• SOURCE MATERIAL:
*-*-*

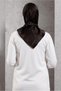 Alvina Silk Scarf 8056 - 2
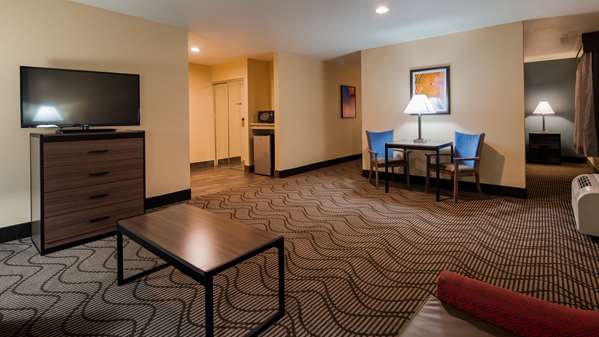 - Best Western Plus Heritage Inn Stockton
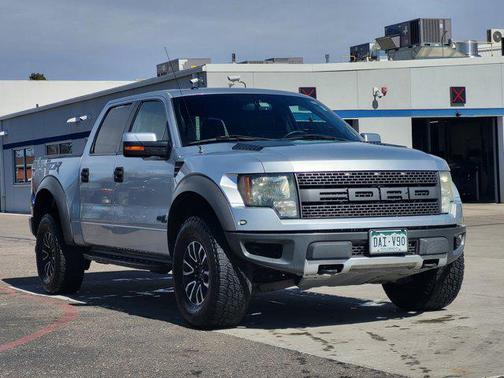 2012 Ford F-150 SVT Raptor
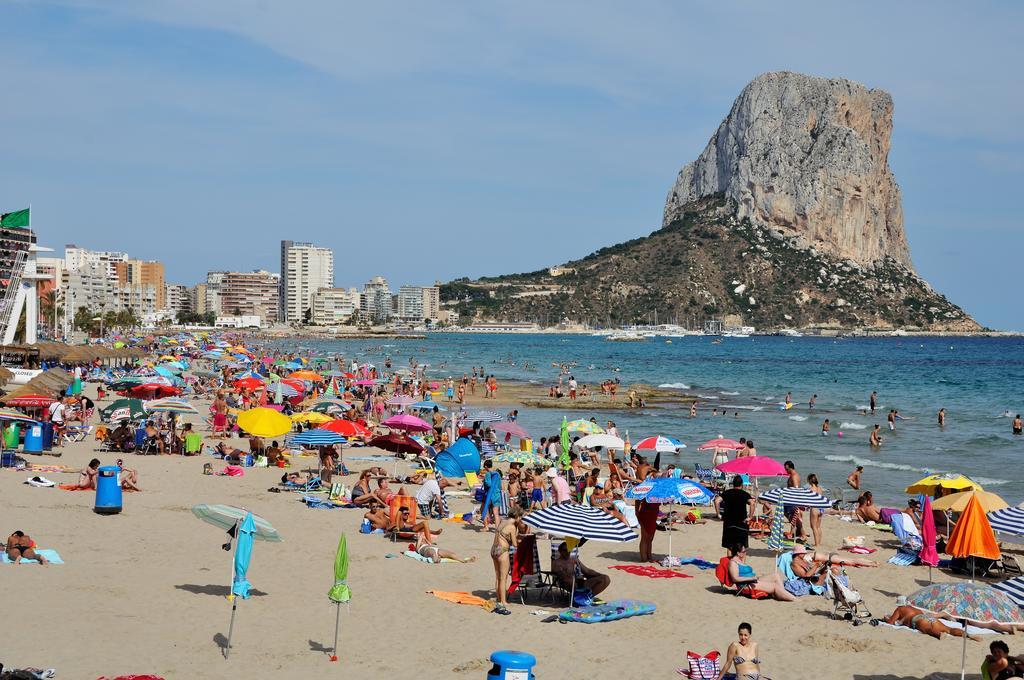 La Luz Costa Calpe Apartment Екстериор снимка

*-*-*

• TASK TO CARRY OUT:
In your copy, reproduce the data above exactly and skip every picture.

• SOLUTION FOR THIS TASK:
 Alvina Silk Scarf 8056 - 2
 - Best Western Plus Heritage Inn Stockton
 2012 Ford F-150 SVT Raptor
 La Luz Costa Calpe Apartment Екстериор снимка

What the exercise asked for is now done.